Christmas is out to get me. That’s right. The ghosts of
Christmas-decorations past are slowly driving me mad, and I can’t
take it anymore.
Christmas is out to get me. That’s right. The ghosts of Christmas-decorations past are slowly driving me mad, and I can’t take it anymore.

It started a couple weeks ago. With Christmas officially ended, I began to remove all traces of the festive holiday season from my home. But apparently, the festive holiday season had other ideas, because I swear to you, it kept coming back.

It was scary. I’d take down a garland, only to find it draped over the same window five minutes later. I’d move an ornament from the tree to the box, only to find the same ornament sitting merrily atop the tree, grinning with an evil look directed at me. I’d toss Santa throw pillows into a container and shove the box into the garage, only to plop down onto the couch and pull a lumpy Santa pillow out from underneath the cushion.

So finally, I left it alone. Hey, I’m not one to fight the hands of fate or karma or whatever. If my Christmas decor had decided it wanted to hang out a while longer, who was I to say no? Especially when it kept coming back anyway, despite all my efforts to box it up and put it away.

But after a week, I wasn’t feeling so merry. In fact, I was feeling downright scrooge-like, and I wanted Christmas gone. In fact, I wanted it banished to the garage in its plastic storage boxes until next year so that I wasn’t celebrating Valentine’s Day by the twinkling lights of the Christmas tree.

But it’s hard to trick stubborn Christmas decor. I mean, what do you do?

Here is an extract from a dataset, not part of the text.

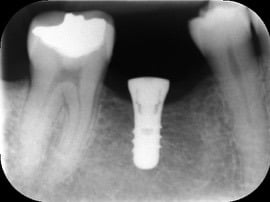 Implant &#8211; Case 1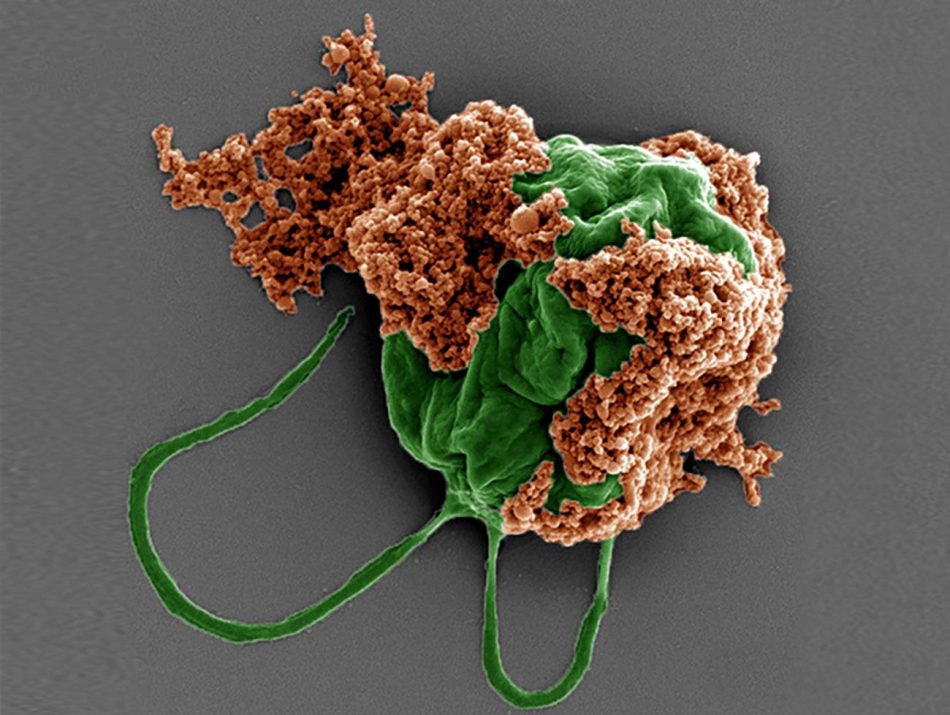 Microrobots nadadores llevan fármacos contra tumores metastásicos a los pulmones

I don’t know any anti-Christmas spells – or any spells at all for that matter. And I felt like an idiot walking around the house, threatening my collection of Surfing Santas with breakage if they didn’t stay in the box until next year like good little ornaments.

But I packed up Christmas anyway. I started with the garland, taking it down from every single window in the house. I swear to you, I checked every window twice. There was not one speck of garland left. And the minute I put the box on the shelf in the garage and walked into the hall bathroom, there it was. A huge piece of garland was hanging defiantly across the mirror.

Well, I told that garland who was boss. And I put it in the box with the other garland, and I yelled at them all to stay put. I was so mad I didn’t even care that the entire neighborhood could see me crazily screeching at the boxes in my garage.

Then I started on the pillows. I packed them up, squishing them into a box. And the ornaments were sealed into bubble wrap and then gently put into ornament containers. Even the giant faux tree in the family room was disassembled and jammed back into its box. But it put up quite a fight, let me tell you. I’m still vacuuming up fake pine needles.

And after a few hours, Christmas was gone, banished to the garage until next year. And I felt good. In fact, I felt so good, I wandered through the house, humming to myself.

And that’s when I noticed the trees.

I had these skinny, faux Christmas trees that I put through the hallway. And I swear I put them in their box, sealed it with duct tape, put the darned thing in the garage and screeched at it. But there they were. Sitting in the hallway, looking like they hadn’t been in a box since Thanksgiving.

And right then, at that very moment I knew. I knew that I hated those trees. And I also knew that in order to get rid of the evil, plastic things I’d have to toss them in the trash – or better yet, take them to the nearest landfill.

But I couldn’t. After all, they were cute, even if they were evil. And besides, my cold, penny-pinching heart wouldn’t let me just toss them away. I’d gotten them at a closeout sale for $1 each – you don’t just toss out a good bargain like that. So I boxed them up, threatened them with some vague words I’d heard in the latest “Harry Potter” film and placed them in the highest recesses of the garage.

And then I walked through my Christmas-free home and felt satisfied. Until I walked out the door and stepped onto the grinning Santa welcome mat, of course.